The supervised model.

TYPE: ModelT

scorer

A scoring function. If None, the score() method of the model will be used. See score for ways to create and compose scorers, in particular how to set default values and ranges.

TYPE: Scorer

PARAMETER DESCRIPTION
model

Any supervised model. Typical choices can be found in the sci-kit learn documentation.

TYPE: ModelT

scorer

A scoring object. If None, the score() method of the model will be used. See scorers for ways to create and compose scorers, in particular how to set default values and ranges. For convenience, a string can be passed, which will be used to construct a SupervisedScorer.

TYPE: Scorer

catch_errors

set to True to catch the errors when fit() fails. This could happen in several steps of the pipeline, e.g. when too little training data is passed, which happens often during Shapley value calculations. When this happens, the scorer's default value is returned as a score and computation continues.

TYPE: bool DEFAULT: True

show_warnings

Set to False to suppress warnings thrown by fit().

TYPE: bool DEFAULT: False

cache_backend

Optional instance of CacheBackend used to memoize results to avoid duplicate computation. Note however, that for most stochastic methods, cache hits are rare, making the memory expense of caching not worth it (YMMV).

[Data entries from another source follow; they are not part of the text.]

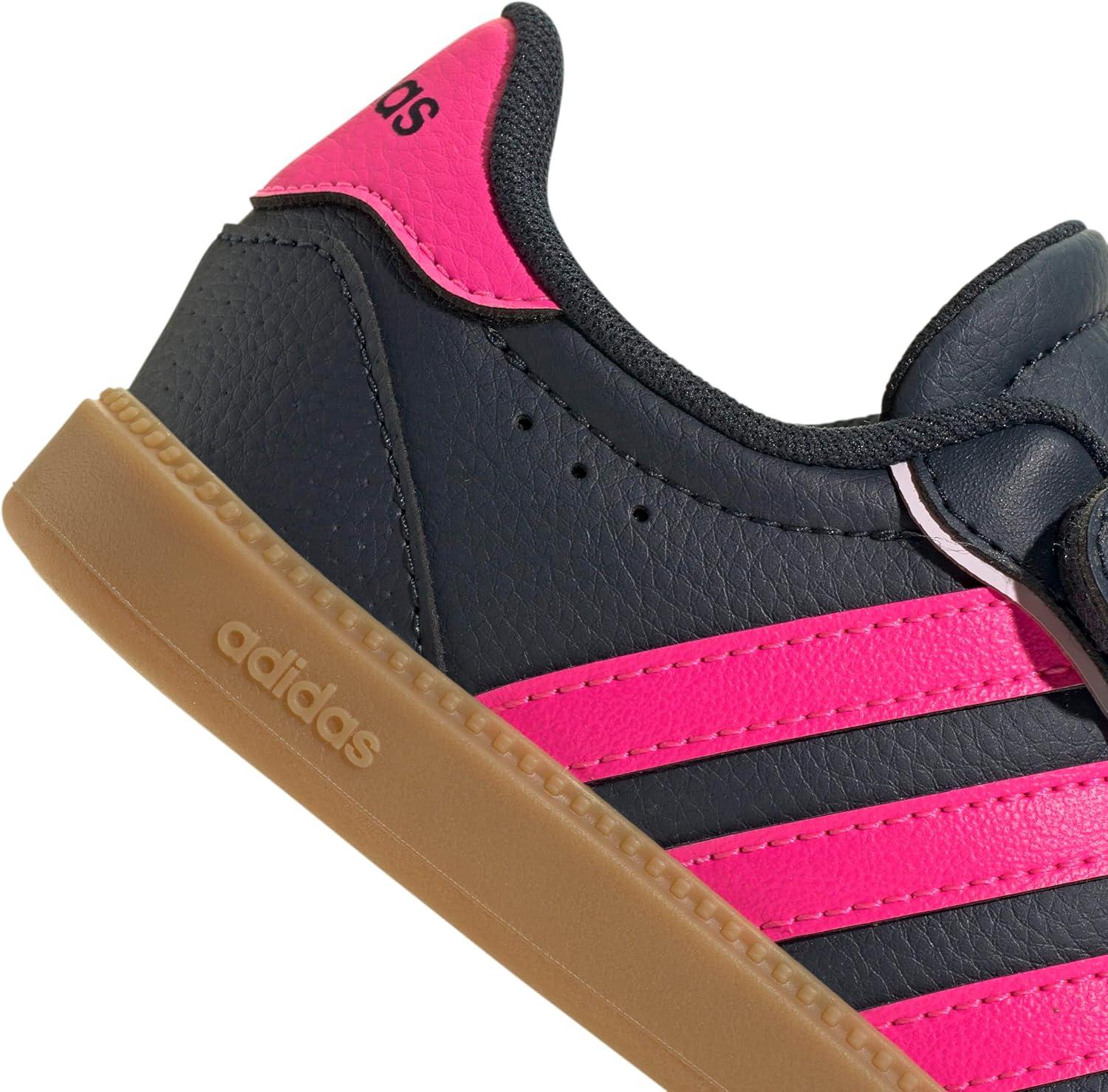 imageadidas UnisexChild Breaknet Sleek Elastic Lace ampamp StrapAurora InkLucid PinkGum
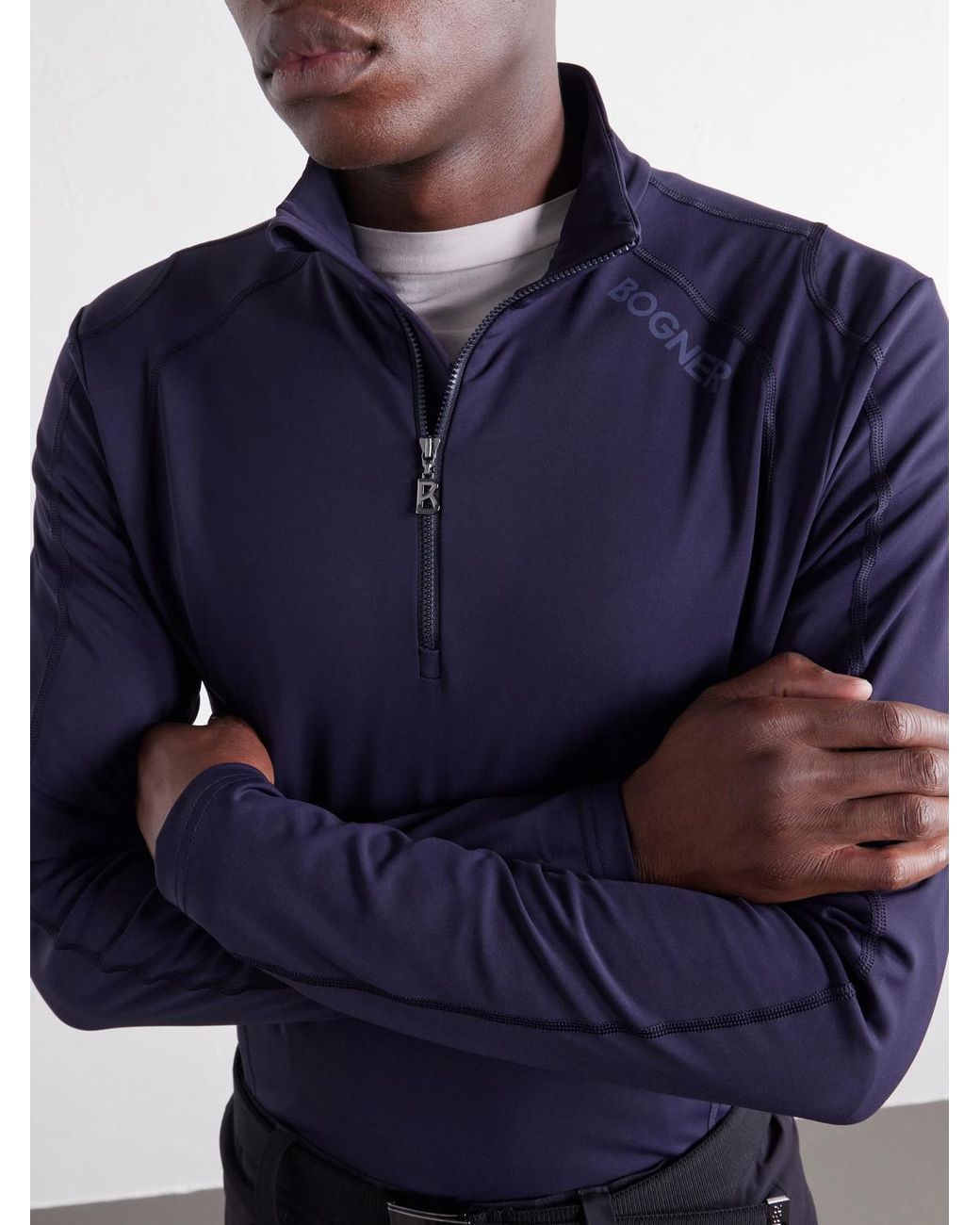Bogner Blue Harry Stretch-Jersey Half-Zip Ski Mid-Layer for men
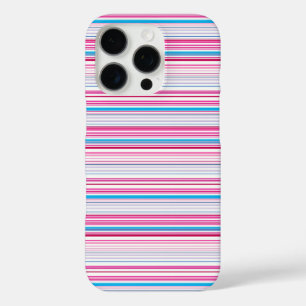 Leuke blauwe roze strepen iPhone 16 pro hoesje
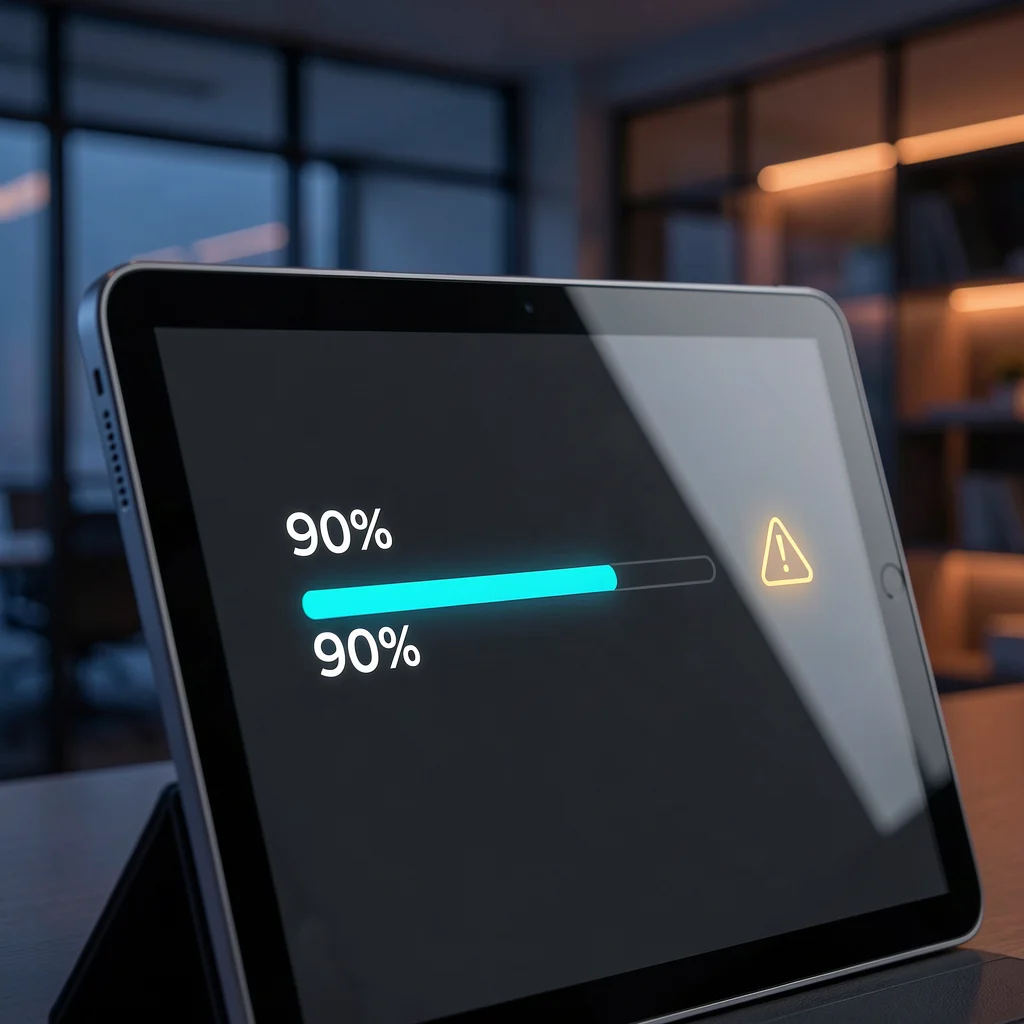 Tablet com dashboard minimalista exibindo barra de progresso em 90% e ícone de alerta, em ambiente de escritório escuro com iluminação azul e laranja.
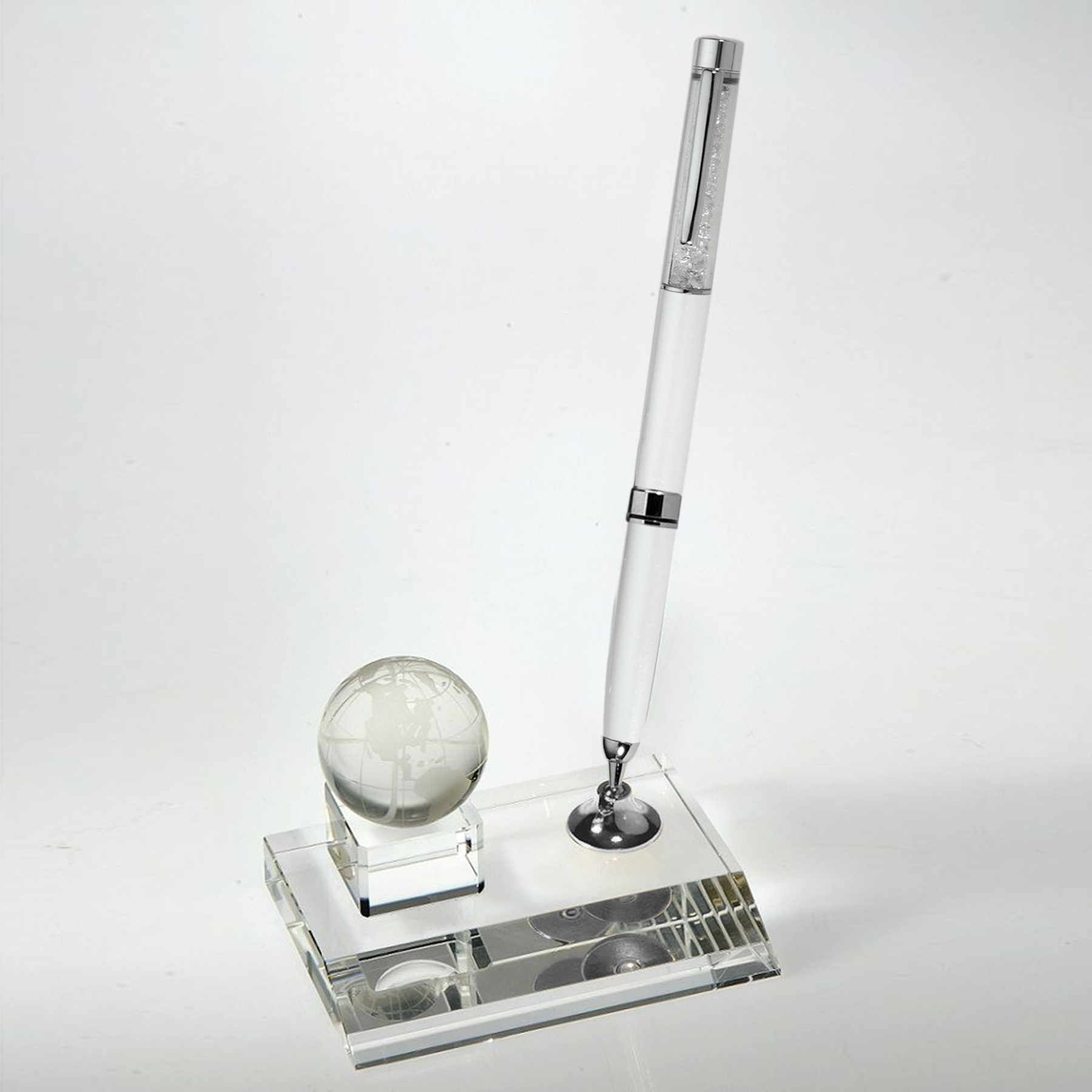 Desktop Award-Crystal Globe Pen Set w/White Ballpoint Pen 2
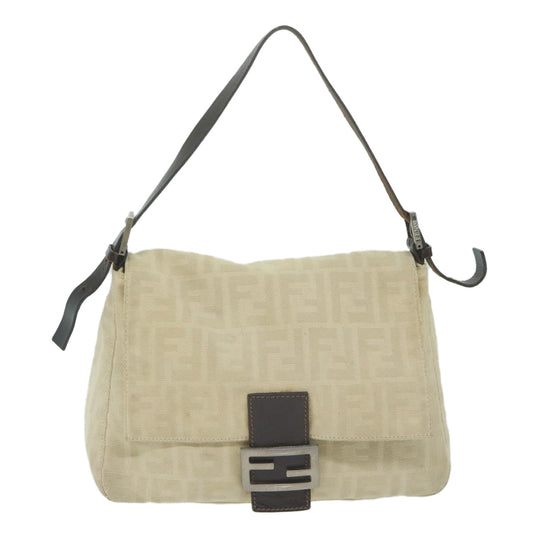 Luxury FendiZucca Canvas Mamma Baguette Shoulder Bag Beige62678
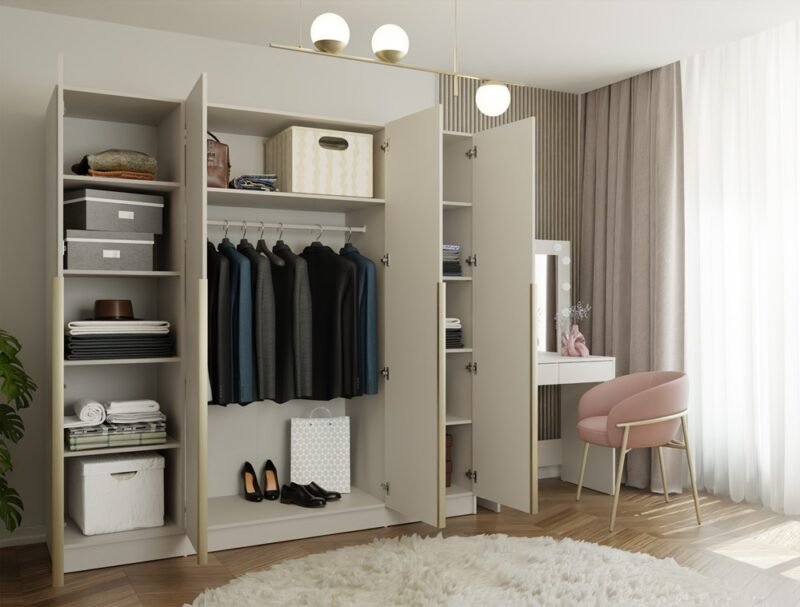 wizzz5 Kledingkast SENSO 4D 200 – 200 cm – Kasjmier beige – 4 deuren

TYPE: CacheBackend | None DEFAULT: None

cached_func_options

Optional configuration object for cached utility evaluation.

TYPE: CachedFuncConfig | None DEFAULT: None

clone_before_fit

If True, the model will be cloned before calling fit().

TYPE: bool DEFAULT: True

Example
>>> from pydvl.valuation.utility import ModelUtility, DataUtilityLearning
>>> from pydvl.valuation.dataset import Dataset
>>> from sklearn.linear_model import LinearRegression, LogisticRegression
>>> from sklearn.datasets import load_iris
>>> train, test = Dataset.from_sklearn(load_iris(), random_state=16)
>>> u = ModelUtility(LogisticRegression(random_state=16), Scorer("accuracy"))
>>> u(Sample(subset=dataset.indices))
0.9

With caching enabled:

>>> from pydvl.valuation.utility import ModelUtility, DataUtilityLearning
>>> from pydvl.valuation.dataset import Dataset
>>> from pydvl.utils.caching.memory import InMemoryCacheBackend
>>> from sklearn.linear_model import LinearRegression, LogisticRegression
>>> from sklearn.datasets import load_iris
>>> train, test = Dataset.from_sklearn(load_iris(), random_state=16)
>>> cache_backend = InMemoryCacheBackend()
>>> u = ModelUtility(LogisticRegression(random_state=16), Scorer("accuracy"), cache_backend=cache_backend)
>>> u(Sample(subset=train.indices))
0.9
Source code in src/pydvl/valuation/utility/modelutility.py
def __init__(
    self,
    model: ModelT,
    scorer: Scorer,
    *,
    catch_errors: bool = True,
    show_warnings: bool = False,
    cache_backend: CacheBackend | None = None,
    cached_func_options: CachedFuncConfig | None = None,
    clone_before_fit: bool = True,
):
    self.clone_before_fit = clone_before_fit
    self.model = self._maybe_clone_model(model, clone_before_fit)
    self.scorer = scorer
    self.catch_errors = catch_errors
    self.show_warnings = show_warnings
    self.cache = cache_backend
    if cached_func_options is None:
        cached_func_options = CachedFuncConfig()
    # TODO: Find a better way to do this.
    if cached_func_options.hash_prefix is None:
        # FIX: This does not handle reusing the same across runs.
        cached_func_options.hash_prefix = str(hash((model, scorer)))
    self.cached_func_options = cached_func_options
    self._initialize_utility_wrapper()

training_data property

training_data: Dataset | None

Retrieves the training data used by this utility.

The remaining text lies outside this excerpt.